The reputation of the United States appears to be suffering more around the world than at anytime in modern history. Edward Snowden's revelations of the vastness of NSA spying, a widening divide between the extremely wealthy and the poor, consistent reports of human rights abuses by the American psychiatrists and their courts, and most recently the prolonged fiscal crisis have all been eroding confidence in the United States worldwide. Al Jazeera reported on Oct. 17, 2013, "Critics call for 'de-Americanized' world after US fiscal debacle."
Although the GOP reluctantly consented to a short-term fix to end the 16-day government shutdown, the world remains tense about the growing brinkmanship in Congress, which some fear is now what to expect. Martin Hennecke, chief economist at the Henley Group, feels the shutdown crisis may move central banks, such as China's, to dump U.S. Treasury bonds and move quickly into assets denominated in other currencies.
In fact, Liu Chang has written an editorial for China's Xinhua news agency, which has been picked up worldwide, calling for a "de-Americanized world." Foreign Policy has reported, "Journalist's Call for de-Americanized World." An Oct. 13 editorial in Xinhua, which is China's largest news agency, has called for a "de-Americanized world" in view of Washington's fiscal dysfunction. However, Foreign Policy claims this op-ed does not necessarily represent the views of the Communist Chinese Party.

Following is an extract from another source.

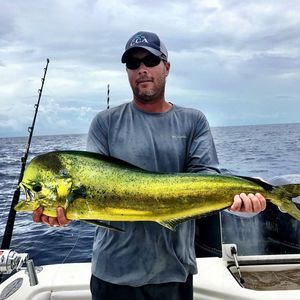 Meet your Posher, Wesley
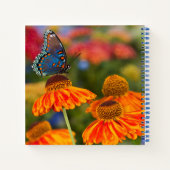 Carnet Un Spicebush Swallowtail, Papilio troilus (Dos)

China's Ministry of Foreign Affairs issued an official comment on the fiscal crisis, saying, "China and the U.S. are economically intertwined and inseparable. We hope that the U.S. can resolve this issue and ensure the security of Chinese assets in the U.S." Nevertheless, the bottom line actually is nothing very controversial appears to be open for publication by Xinhua without clearance from the Chinese Communist Party. This realization opens up pandora's box regarding what this all could mean for American interests worldwide.